(ENTRIES PROVIDED)
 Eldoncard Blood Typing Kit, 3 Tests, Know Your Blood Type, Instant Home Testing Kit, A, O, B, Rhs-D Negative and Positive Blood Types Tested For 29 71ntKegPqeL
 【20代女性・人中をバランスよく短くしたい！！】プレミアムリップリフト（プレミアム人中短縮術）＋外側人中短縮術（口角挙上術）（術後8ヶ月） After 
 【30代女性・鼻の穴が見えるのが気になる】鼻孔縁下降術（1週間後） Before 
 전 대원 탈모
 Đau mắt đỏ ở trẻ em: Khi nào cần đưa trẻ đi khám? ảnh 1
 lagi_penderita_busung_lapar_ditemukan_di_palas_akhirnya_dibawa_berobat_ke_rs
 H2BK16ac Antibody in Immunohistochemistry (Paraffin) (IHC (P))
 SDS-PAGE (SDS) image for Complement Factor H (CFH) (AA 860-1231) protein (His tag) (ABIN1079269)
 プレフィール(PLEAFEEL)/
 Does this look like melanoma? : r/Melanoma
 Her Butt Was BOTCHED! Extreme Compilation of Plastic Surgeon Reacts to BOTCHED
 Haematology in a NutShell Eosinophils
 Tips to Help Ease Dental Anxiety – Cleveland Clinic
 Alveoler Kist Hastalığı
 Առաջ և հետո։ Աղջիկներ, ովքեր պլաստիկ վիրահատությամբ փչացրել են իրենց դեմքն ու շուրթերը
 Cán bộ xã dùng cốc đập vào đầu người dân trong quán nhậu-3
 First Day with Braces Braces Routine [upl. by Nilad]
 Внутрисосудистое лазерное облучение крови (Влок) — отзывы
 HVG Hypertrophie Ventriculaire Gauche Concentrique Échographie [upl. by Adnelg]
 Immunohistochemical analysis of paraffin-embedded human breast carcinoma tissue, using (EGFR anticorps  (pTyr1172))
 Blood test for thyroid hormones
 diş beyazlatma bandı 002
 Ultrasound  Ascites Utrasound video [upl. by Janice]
(End ENTRIES PROVIDED)
- [AIM OF THE TASK] Quote, without any change, each line from the one that contains "Tips to Help" through the end of the material.

- [TASK ANSWER]
 Tips to Help Ease Dental Anxiety – Cleveland Clinic
 Alveoler Kist Hastalığı
 Առաջ և հետո։ Աղջիկներ, ովքեր պլաստիկ վիրահատությամբ փչացրել են իրենց դեմքն ու շուրթերը
 Cán bộ xã dùng cốc đập vào đầu người dân trong quán nhậu-3
 First Day with Braces Braces Routine [upl. by Nilad]
 Внутрисосудистое лазерное облучение крови (Влок) — отзывы
 HVG Hypertrophie Ventriculaire Gauche Concentrique Échographie [upl. by Adnelg]
 Immunohistochemical analysis of paraffin-embedded human breast carcinoma tissue, using (EGFR anticorps  (pTyr1172))
 Blood test for thyroid hormones
 diş beyazlatma bandı 002
 Ultrasound  Ascites Utrasound video [upl. by Janice]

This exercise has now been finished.